Я вовсе не собираюсь оспаривать это мнение. На самом деле так и есть. Только при этом есть одно уточняющее обстоятельство: жанр, если его понимать как сюжетный тип произведения, создается не желанием писателя, а требованиями книжного рынка, который хоть и специфический, но все же рынок, со всеми присущими такой экономической категории характеристиками: спросом, предложением, конъюктурой и т. д. И дело писателя — соблюдать ли эти рыночные законы, гордо презирать ли их, относиться ли к ним, как к данности, но без ханжества и без циничных рассуждений о том, что деньги — это не только время, но и буквы.
Говоря о «книжном рынке», я имею в виду не именно сегодняшнюю ситуацию, связанную с изданием книг и их куплей-продажей.
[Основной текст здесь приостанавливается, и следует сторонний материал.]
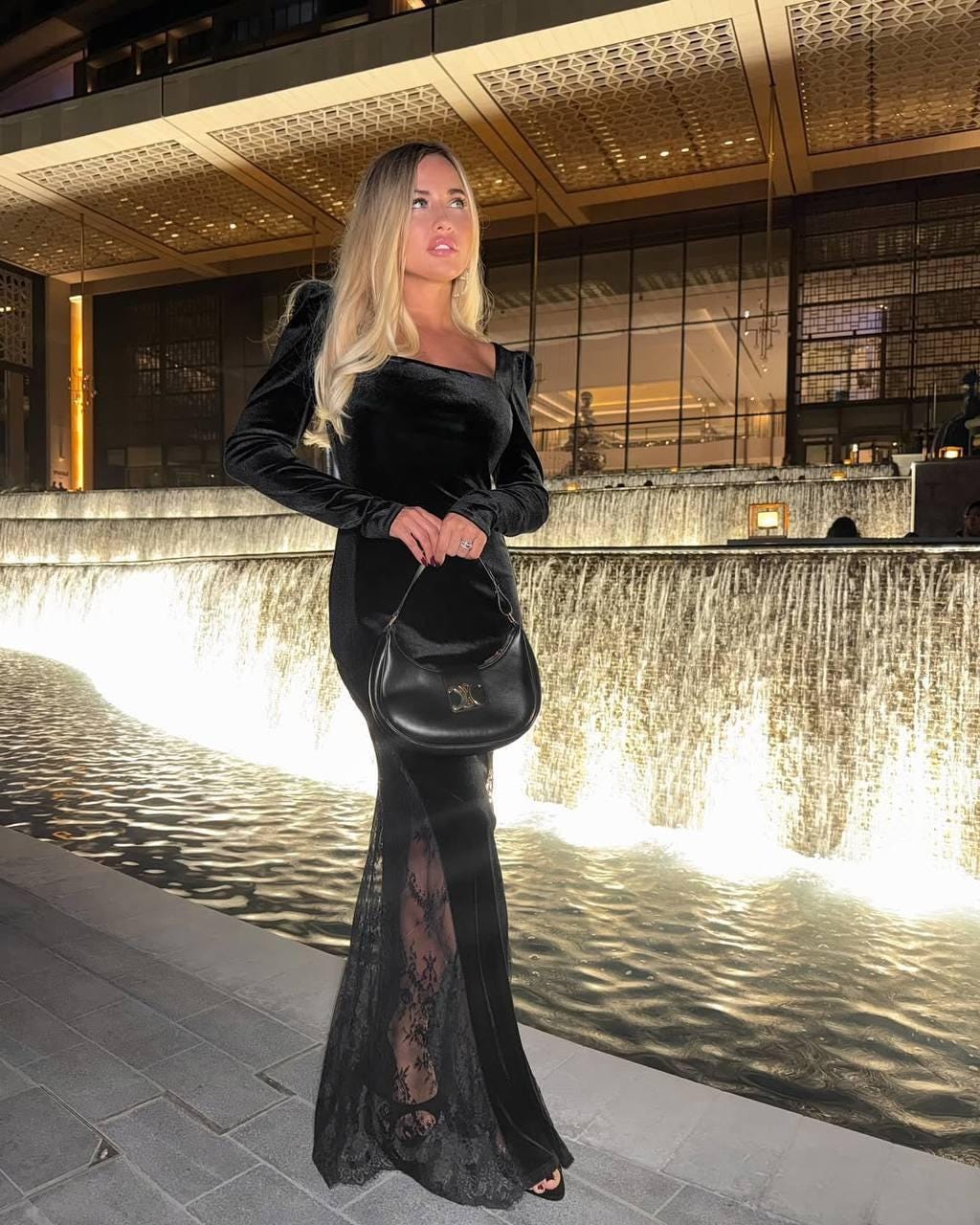 Noor Black Velvet Bodycon Maxi Dress — view 2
Это нечто более широкое: социальная потребность вообще, то, что способна воспринять и переварить читательская масса. При социализме, например, в нашей стране функции такого рынка выполняло идеологическое руководство партии, оно определяло, что будет читать советский народ, соответственно оно же и формировало жанры. Занятно, что тогда, когда эти жанровые огороды городили целенаправленно, триаду «фантастика — детектив — приключения» высаживали в одном углу, довольно старательно удобряли и поливали, а в результате бойко выпирал, заглушая все прочее, сорняк — примитивный низкопробный детектив, тот же Нат Пинкертон, только в форме капитана милиции и морально устойчивый: не пьет, не курит, не ругается матом, живёт на капитанское жалованье. А в наши дни самозахвата плодоносных литературных участков этот пошлый лопух расцвел ещё пышнее — стало быть, есть потребность, и потребность эта создается социальными факторами.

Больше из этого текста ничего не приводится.